*** Information given ***
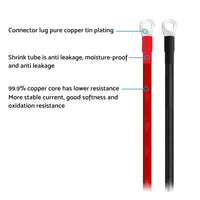 30cm Battery Joiner Connector Lead DC Wire 100A 12V 24V Cable with Lugs Red & Black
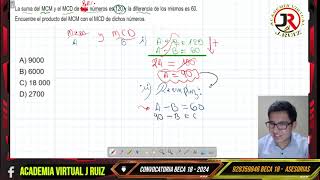 BECA 18  2024 PREGUNTA EXAMEN PRONABEC ARITMÉTICA MCD MCM [upl. by Annaihs]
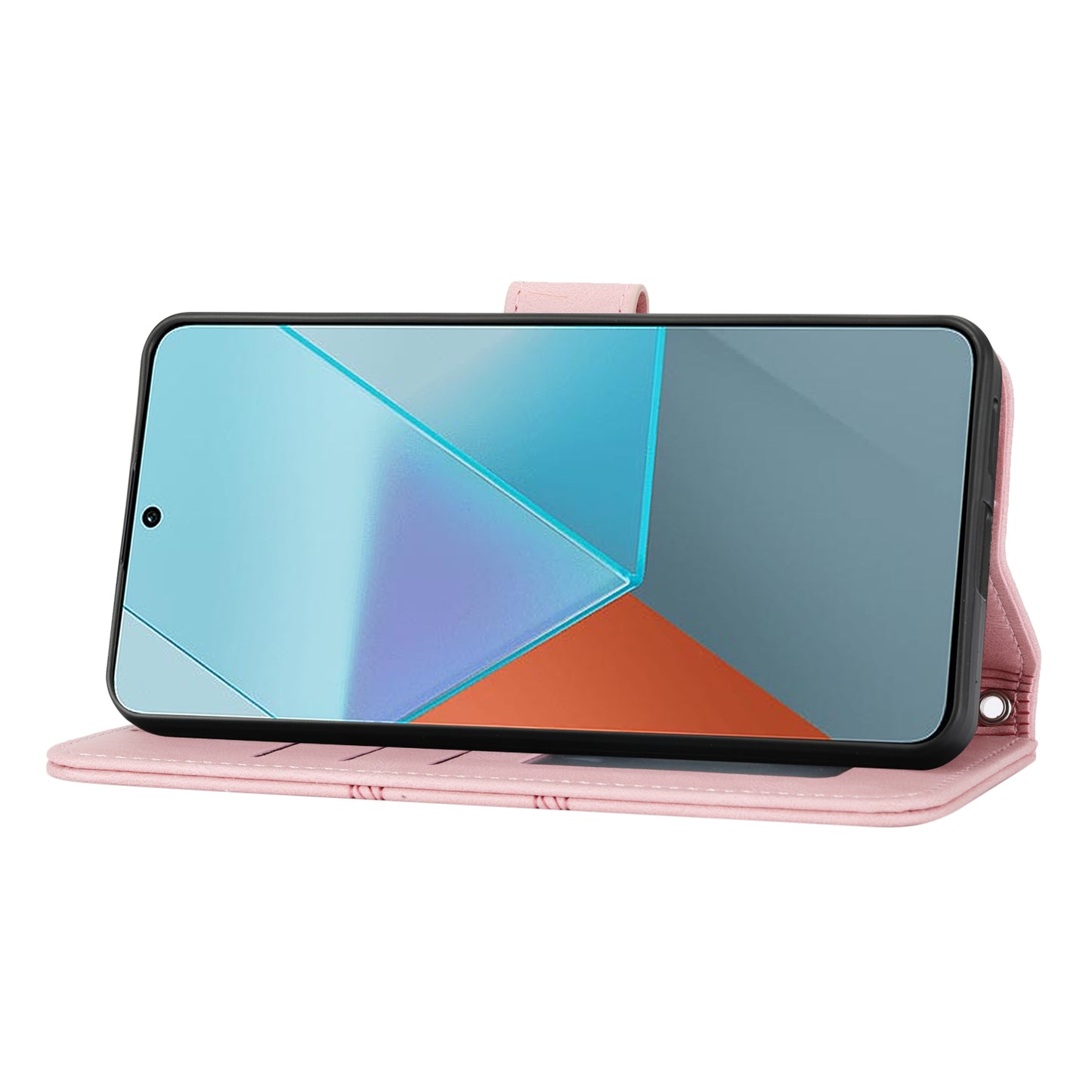 For Xiaomi Redmi Note 13 Pro 5G / Poco X6 5G Cover Soft PU Leather Imprinted Pattern Phone Case with Hand Strap - Pink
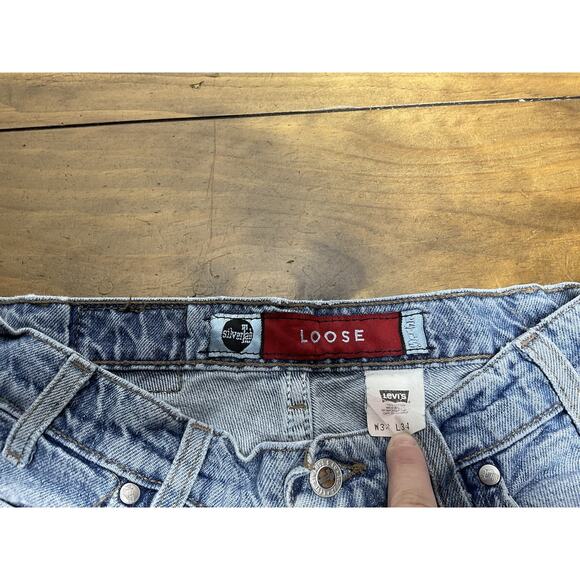 VTG Levi's SilverTab Loose Jeans Mens 32x34 Faded Wash Grunge Skater Y2K - Picture 5 of 12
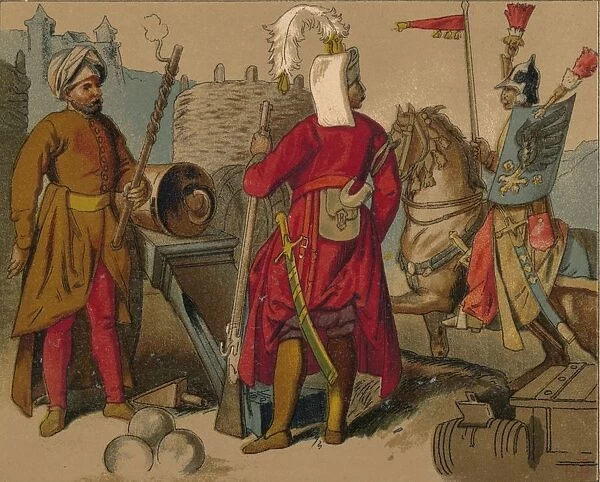 Russian Strelitzi and Turkish Guards of the 17th Century - Artilleryman, Janissary, Spahioglan, c1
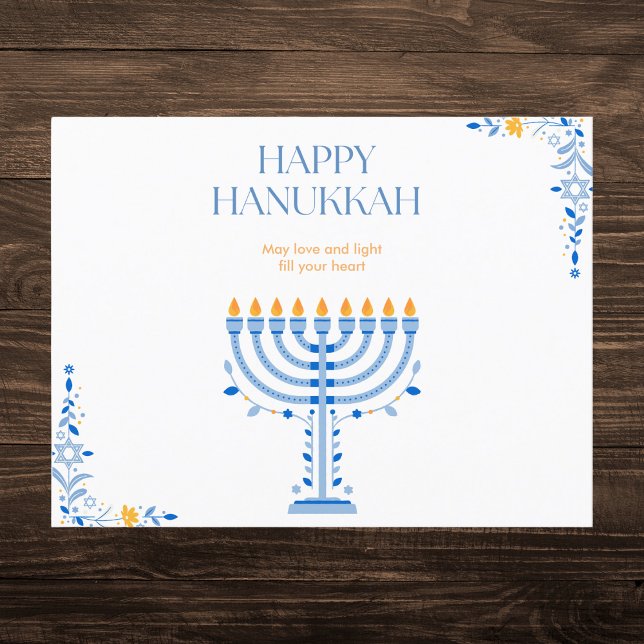 Elegant Blue och Guld Menorah Hanukkah Helg Vykort (Skapare uppladdad)
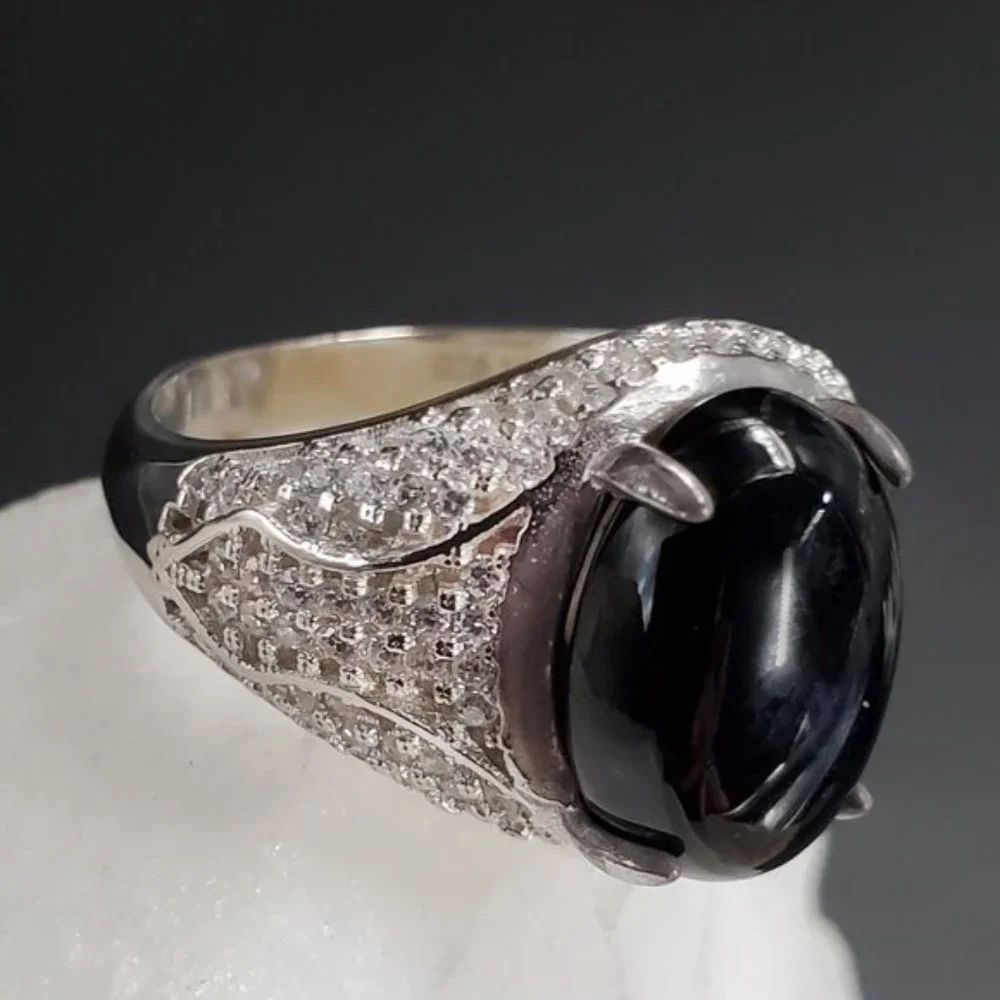 Designer Men's Jewelery Solid Silver 925 Ring Genuine Black Onyx Stone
*** End of Information given ***
Problem details:
Restate every line above word for word. Do not carry over the images.

Written solution:
 30cm Battery Joiner Connector Lead DC Wire 100A 12V 24V Cable with Lugs Red & Black
 BECA 18  2024 PREGUNTA EXAMEN PRONABEC ARITMÉTICA MCD MCM [upl. by Annaihs]
 For Xiaomi Redmi Note 13 Pro 5G / Poco X6 5G Cover Soft PU Leather Imprinted Pattern Phone Case with Hand Strap - Pink
 VTG Levi's SilverTab Loose Jeans Mens 32x34 Faded Wash Grunge Skater Y2K - Picture 5 of 12
 Russian Strelitzi and Turkish Guards of the 17th Century - Artilleryman, Janissary, Spahioglan, c1
 Elegant Blue och Guld Menorah Hanukkah Helg Vykort (Skapare uppladdad)
 Designer Men's Jewelery Solid Silver 925 Ring Genuine Black Onyx Stone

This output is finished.